Congress wants DOD to study information operations from Russia-Ukraine war

The annual defense policy bill is directing an independent study on the lessons learned from information operations conducted by the U.S., Ukraine, Russia and NATO nations in Moscow's war with Ukraine.
WASHINGTON, D.C. (Dec. 04, 2012)- Naval Criminal Investigative Service (NCIS) personnel use specialized computer programs to conduct a forensic analysis of a hard drive. (U.S. Navy photo by Ed Buice/Released)

Lawmakers are moving forward with legislation that would require the Department of Defense to study the impact of information operations during Russia’s war with Ukraine.

The directive comes from the comprise draft of the fiscal 2024 National Defense Authorization Act that was unveiled this week after members of the House and Senate hashed out their respective versions of the bill.

Under the provision, the secretary of defense must enter into an agreement or contract with a capable entity to conduct an independent study on the lessons learned from information ops conducted by the U.S., Ukraine, Russia and NATO nations in the run-up to the Kremlin’s invasion and throughout the war.

The study must include an assessment of information operations capabilities of Russia prior to, and since the invasion of Ukraine; an assessment of notable successes or challenges with information ops conducted by the U.S., NATO member countries and Ukraine prior to, and since the invasion; and recommendations for improvements to U.S. information operations to enhance effectiveness, as well as recommendations on how information ops may be improved to support deterrence.


Information operations — and the information environment more broadly — have significantly increased in importance and prominence in recent years.
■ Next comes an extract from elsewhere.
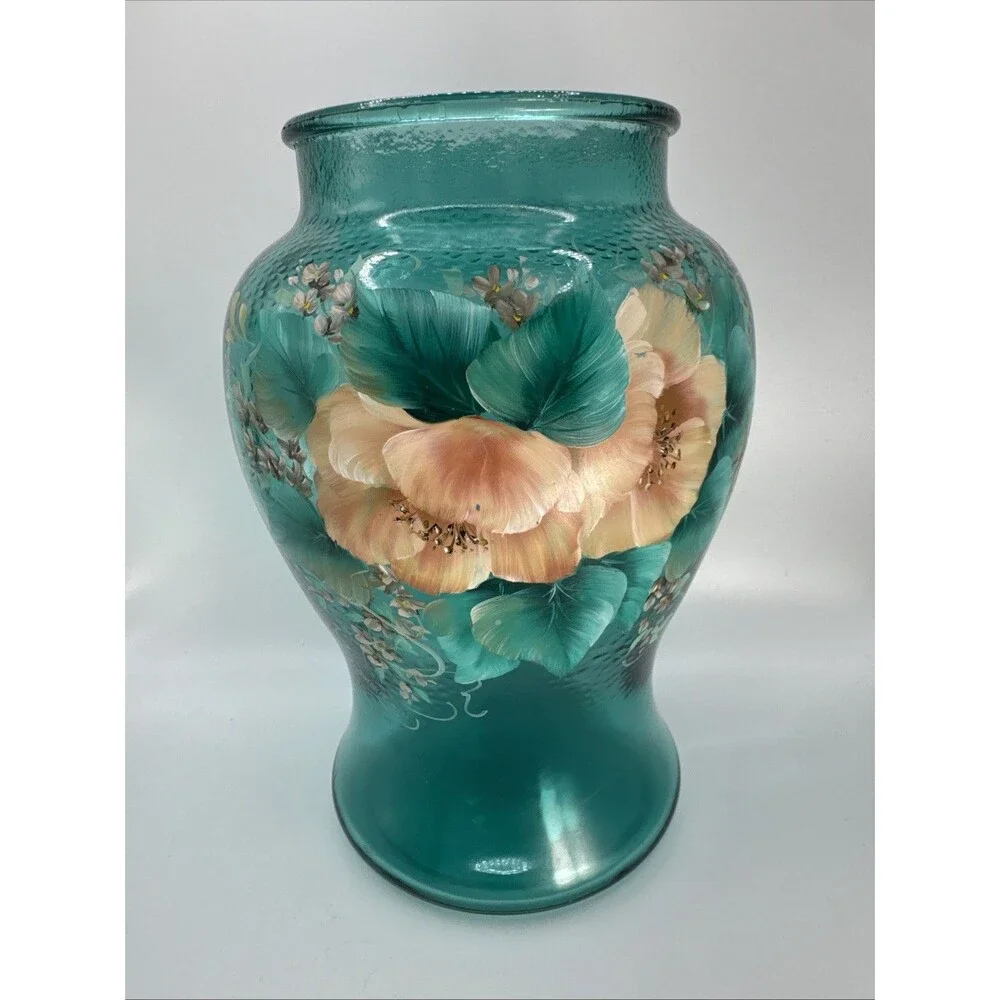 Vintage Hand Painted  Pink Floral On Teal Vase Signed Edwards 9x6.5” Cottagecore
Adversaries have sought to exploit that environment through disinformation, misinformation, information ops and other activities as a means of undermining U.S. and allied interests without having to confront them in direct military conflict.
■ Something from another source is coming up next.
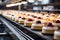 Cakes on an Automated Circular Conveyor in a Bakery Food Factory's Production Line. AI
“Russia’s influence actors have adapted their efforts to increasingly hide their hand, laundering their preferred messaging through a vast ecosystem of Russian proxy websites, individuals, and organizations that appear to be independent news sources,” the 2023 annual threat assessment of the United States intelligence community, states.

As an example, the Pentagon’s 2023 Strategy for Operations in the Information Environment provides a vignette of Russia’s malign influence efforts that sought to take criticism away from its actions the day it invaded Ukraine and draw attention to alleged oppression by the West. It notes that the day of the invasion, a Kremlin-run media organization disguised as a regular news outlet posted a map on social media that purported to show airstrikes in the last 24 hours, warning: “Don’t let the mainstream media’s Eurocentrism dictate your moral support for victims of war. A human life is a human life. Condemn war everywhere.”

However, that post omitted Russia’s role in bombings in Syria while drawing attention to Israeli attacks there.

Outside advocacy groups have sought to improve DOD’s prowess in this realm. And Congress has been concerned that the Pentagon has fell behind recently, requiring several studies, strategies and changes in past years’ defense bills, to include the creation of the principal information operations adviser a few years ago.


For its part, the DOD has sought to address concerns. Last year, the Pentagon published an update to its doctrine on information and in July it published its Strategy for Operations in the Information Environment, released publicly in November.

The military services have also sought to develop their own strategies and doctrine, with the Marine Corps last year publishing Marine Corps Doctrinal Publication-8, Information, the Air Force developing an information warfare strategy and the Army publishing Army Doctrinal Publication 3-13, Information — it’s first such doctrine for information — in November.